Con loro c’era Duny. Aveva lavorato per tutta la notte al mantice della forgia, spingendo e tirando le due lunghe maniche di pelle di capra che alimentavano il fuoco con un soffio d’aria. Adesso le braccia gli dolevano e tremavano per la fatica al punto che non riusciva a reggere la lancia che aveva scelto. Non sapeva come poteva combattere o rendersi utile a se stesso o agli abitanti del villaggio. Gli straziava il cuore l’idea di dover morire, infilzato su una lancia karg, quando era ancora un ragazzo: di dover discendere nella terra tenebrosa senza aver mai saputo il suo nome, il suo vero nome da uomo. Abbassò lo sguardo sulle braccia magre, madide della fredda rugiada della nebbia, e s’infuriò della propria debolezza, poiché conosceva la sua forza. C’era potere in lui, se avesse saputo usarlo; e cercò tra tutti gli incantesimi che conosceva qualcosa che potesse assicurare un vantaggio o almeno una possibilità a lui e ai suoi compagni. Ma la necessità non è sufficiente a liberare il potere: ci dev’essere anche la conoscenza.
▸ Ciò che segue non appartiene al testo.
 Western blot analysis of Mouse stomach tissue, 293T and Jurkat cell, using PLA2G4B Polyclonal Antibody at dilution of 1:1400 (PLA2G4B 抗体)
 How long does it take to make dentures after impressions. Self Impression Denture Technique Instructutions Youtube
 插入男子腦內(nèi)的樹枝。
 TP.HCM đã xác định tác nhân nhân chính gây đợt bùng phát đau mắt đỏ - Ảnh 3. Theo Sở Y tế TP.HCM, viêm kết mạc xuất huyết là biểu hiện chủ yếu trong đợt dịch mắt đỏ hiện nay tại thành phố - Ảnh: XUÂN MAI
La nebbia, ormai, si stava diradando sotto il calore del sole che brillava nudo sopra la vetta, nel cielo luminoso. Quando i vapori si separarono e si dispersero in grandi spire fumose, gli abitanti del villaggio videro una banda di guerrieri che saliva sulla montagna. Erano protetti da elmi di bronzo e gambali e corazze di cuoio pesante e scudi di legno e bronzo, e armati di spade e di lunghe lance karg. Salivano lungo il ripido argine dell’Ar, tortuosamente, in una fila sferragliante e piumata e irregolare, già abbastanza vicini perché si potessero vedere le loro facce bianche e si potessero udire le parole del loro dialetto mentre si scambiavano richiami. La banda, staccatasi dall’orda degli invasori, era formata da un centinaio di uomini, che non sono molti: ma nel villaggio erano soltanto in diciotto, tra uomini e ragazzi.